With regard to the former, the forecasting track record of advisors is poor with a tendency to consistently overestimate earnings as shown by the image below. Analysts are persistently in the grip of optimism bias when it comes to forecasting and this adversely impacts their ability to make any form of accurate forward judgement. This lack of ability is also clouded by the hubris involved in thinking that you can make an accurate prediction about anything.
Source – Dr Ed Yardeni
The psychology behind this incompetence is reasonably easy to understand once you understand the nature of the finance industry. This is the dont bite the hand that feeds you syndrome. Within the finance industry very little money is now made by the sell or advisory side of the industry. The big money has always been in corporate advising, that is restructurings, capital raising and the like. It is here that the fees total in the tens of millions of dollars. As such you dont want to offend companies that you might do very lucrative work for by telling everyone that their business is crap and that the company is run by people who would struggle to run a Mr Whippy van. It is much better to tell everyone that that the sun shines out of their proverbial and that everyone will get a free unicorn in the morning.
The second assumption is whether or not earnings drive share prices and this to my way of thinking is a more interesting problem since it moves into the realm of investor perception. To get a sense of this I looked at the year on year changes in earnings for the S&P 500 and compared that to the yearly return for the S&P 500 and plotted these initially in the form of a simple bar chart to get a sense of any form of relationship.
However bar charts dont really give a true sense of relationships or correlations so I plotted the data as a smoothed scattergram.
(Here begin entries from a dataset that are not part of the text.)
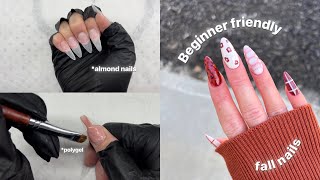 BEGINNER FRIENDLY FALL NAILS  POLYGEL APPLICATION almond nails 🍂🍁✨ [upl. by Intruok798]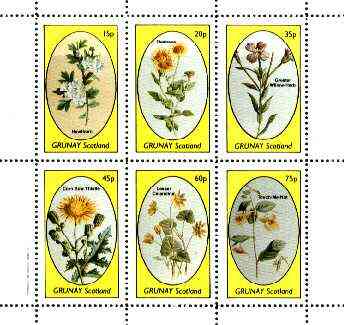 Grunay 1982 Flowers #15 (Hawthorn, Fleabane, Willow Herb, Thistle etc) perf set of 6 values unmounted mint, stamps on , stamps on  stamps on flowers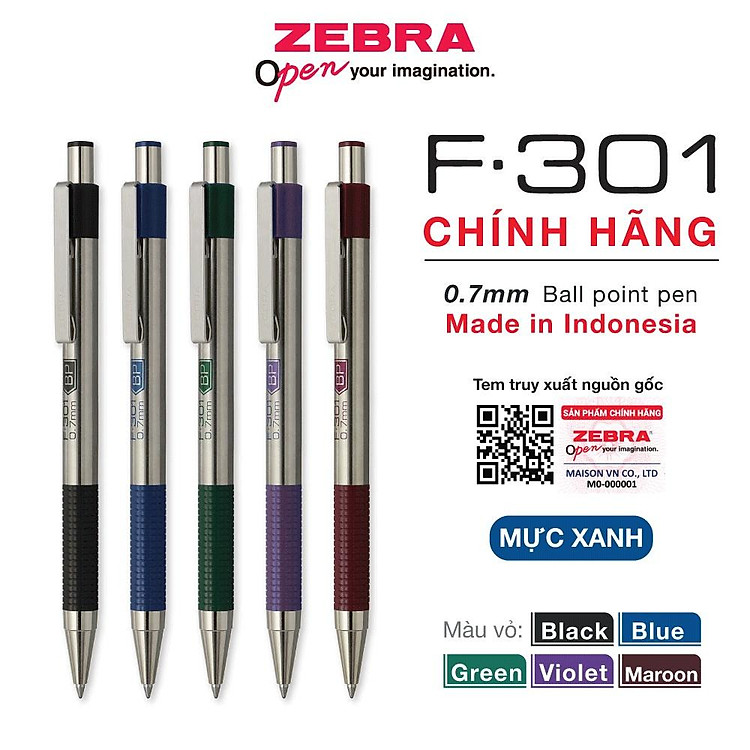 Viết Bi Bấm Kim Loại Zebra F301 0.7mm (mực xanh) - Ảnh 2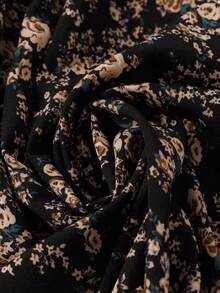 EMERY ROSE فستان طويل كاجوال أنيق بياقة V للنساء كبيرات الحجم، ملابس نسائية ماكسي للربيع/الخريف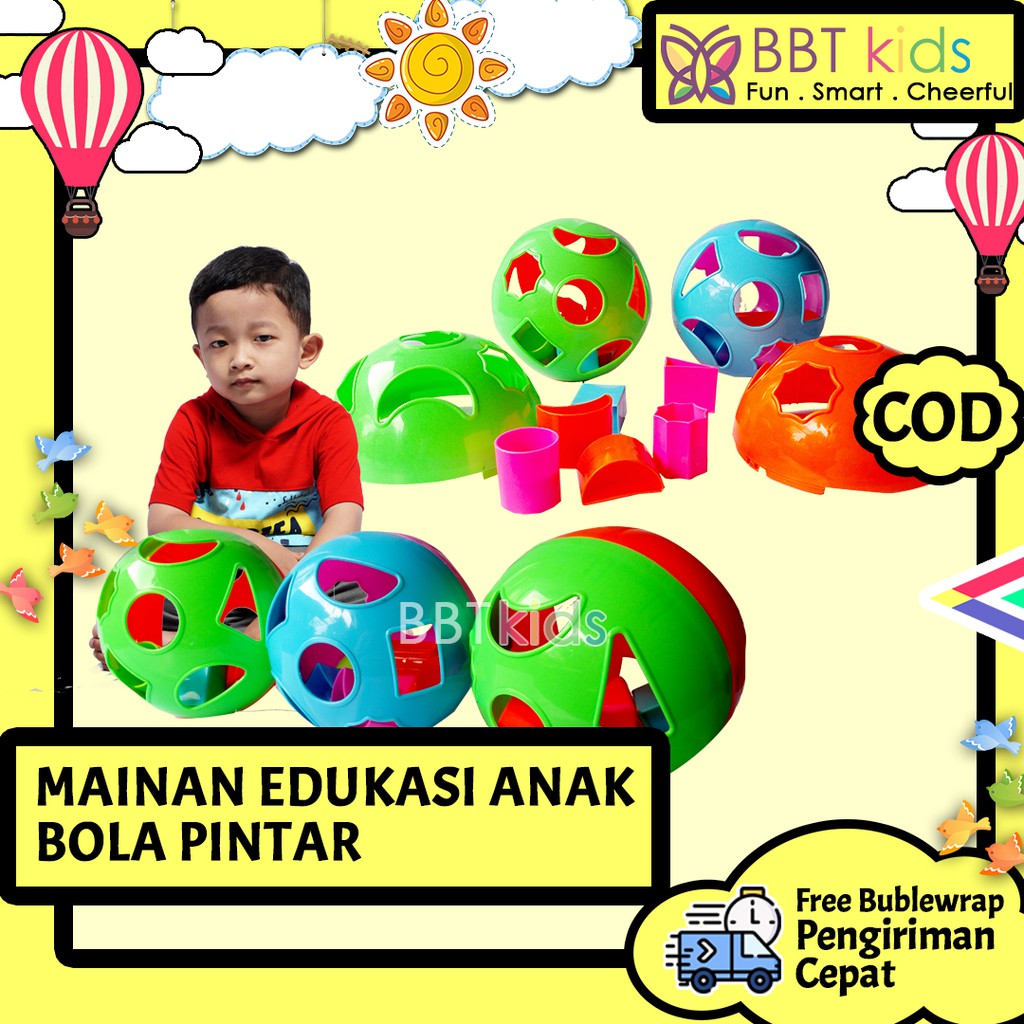 MAINAN EDUKASI ANAK BOLA PINTAR EDUKATIF PUZZLE BALL BENTUK WARNA MURAH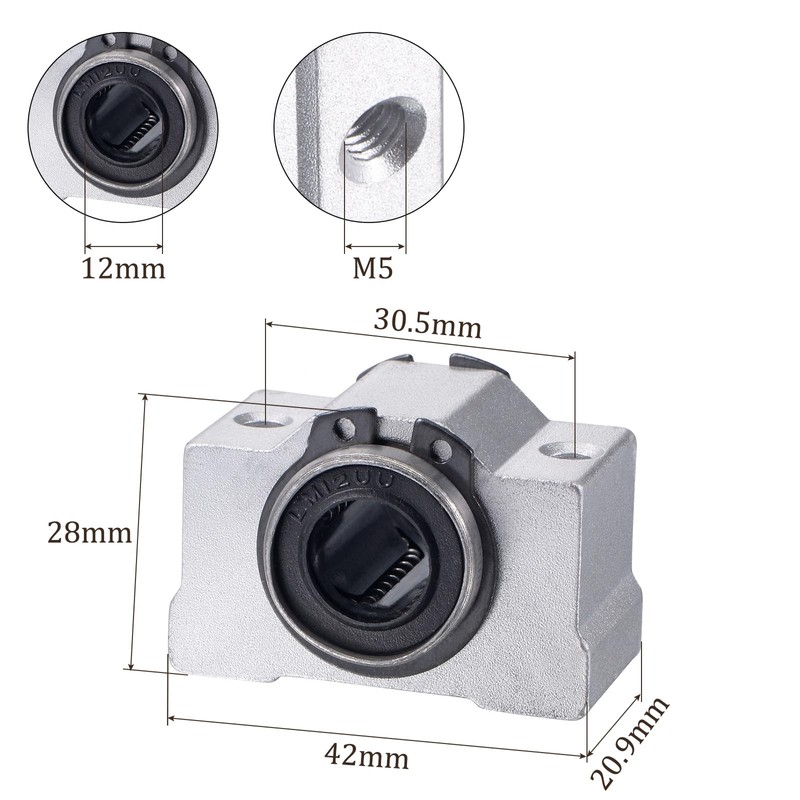 Kozelo 4pcs SCV12UU Linear Slide Block 12mm Bore Steel Linear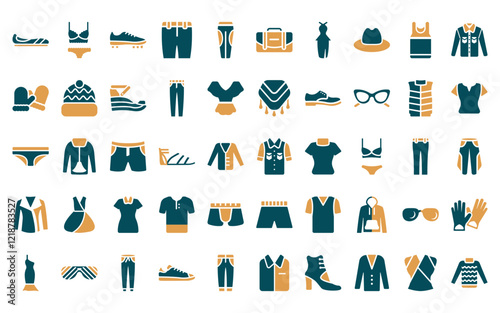 50 linear clothes icon pack. vector thin line denim shirt, lingerie, soccer shoe, chino shorts, leggins, messenger bag, cocktail dress icons suitable for apps and websites ui designs.
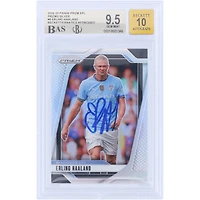 Erling Haaland Manchester City Autographed 2024-25 Panini Prizm Silver Prizm #9 Beckett Fanatics Witnessed Authenticated 9.5/10 Card
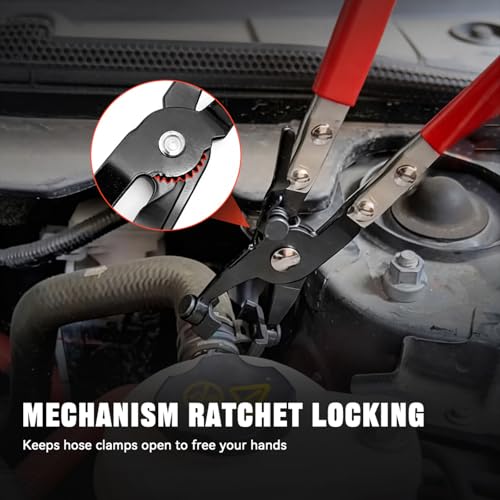 BARTOO 9pcs Hose Clamp Pliers Set, Hose Clamp Removal Tool for Automotive, Flexible Wire Long Reach Swivel Jaw Pliers for Fuel Oil Coolant Radiator Heater and Water Hose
So the question is what do the squiggly lines tell me. They tell me that sometimes earnings growth and share prices move together and sometimes they dont and if I do a bit of dodgy stats-fu on my trusty old Casio I find that that changes in earnings and share price growth have a very weak correlation of 0.37. The reverse intepretation is that most of the time they dont share a relationship. But there are some caveats in generating correlations. The correlation I generated is what is known as a Pearsons correlation, this looks at the linear interdependence of variables and it can be affected by outliers such as we see in the rebound from the GFC. I also wonder about true independence between variables over time – my concern comes from the fact that markets seem to have memory and this in turn loops back to the impact of data on investor perceptions over time.
The wonderful thing about being a trader is that our perceptions and our benchmarks are very simple and they revolve around the idea of whether something can help us to make money. In this instance neither the faulty predictions of analysts nor their profoundly weak impact upon price movements convinces me that that either idea lives up to their hype.